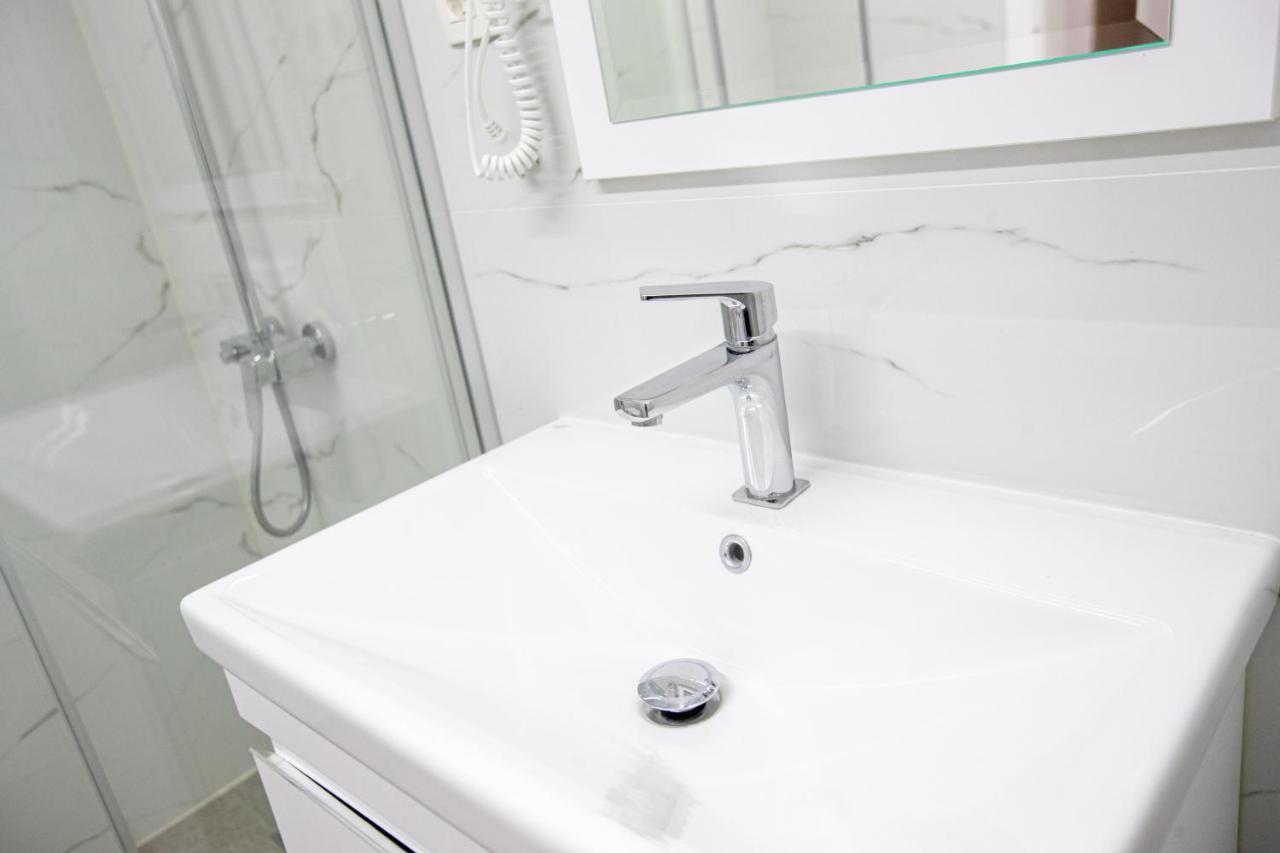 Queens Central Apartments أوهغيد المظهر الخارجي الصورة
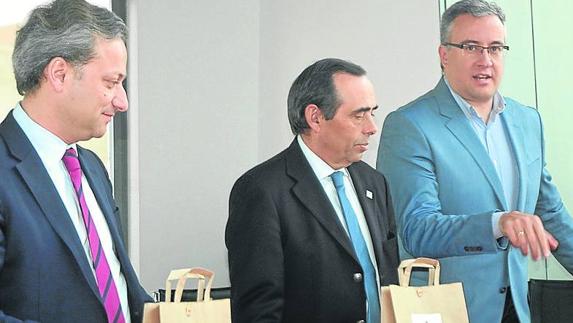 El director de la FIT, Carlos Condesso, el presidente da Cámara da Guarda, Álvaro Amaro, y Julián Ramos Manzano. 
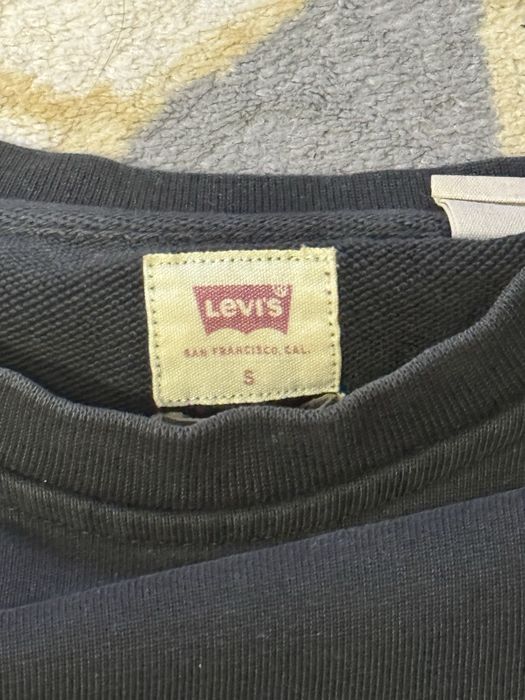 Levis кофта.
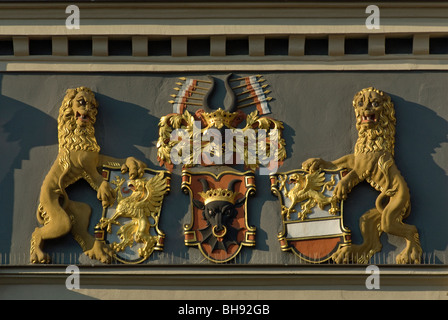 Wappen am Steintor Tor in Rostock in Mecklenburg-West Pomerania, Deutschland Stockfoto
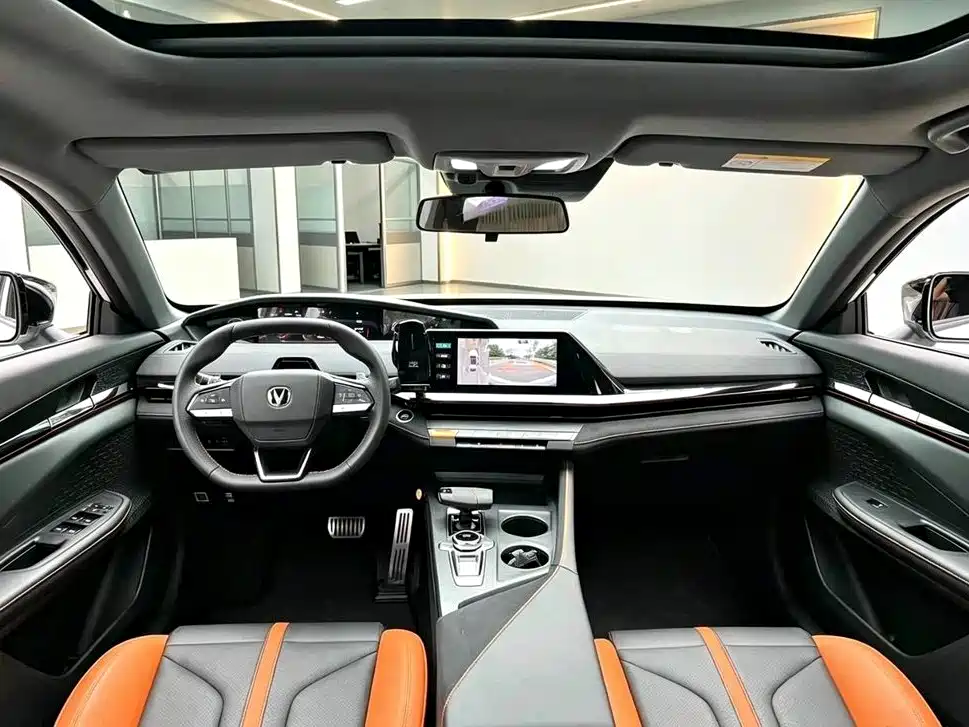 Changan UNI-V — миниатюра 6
□ □ □
*WHAT IS REQUIRED:* Repeat the records above exactly. No pictures go into the repeat.

*RESULT OF THIS EXERCISE:*
 Queens Central Apartments أوهغيد المظهر الخارجي الصورة
 El director de la FIT, Carlos Condesso, el presidente da Cámara da Guarda, Álvaro Amaro, y Julián Ramos Manzano. 
 Levis кофта.
 Wappen am Steintor Tor in Rostock in Mecklenburg-West Pomerania, Deutschland Stockfoto
 Changan UNI-V — миниатюра 6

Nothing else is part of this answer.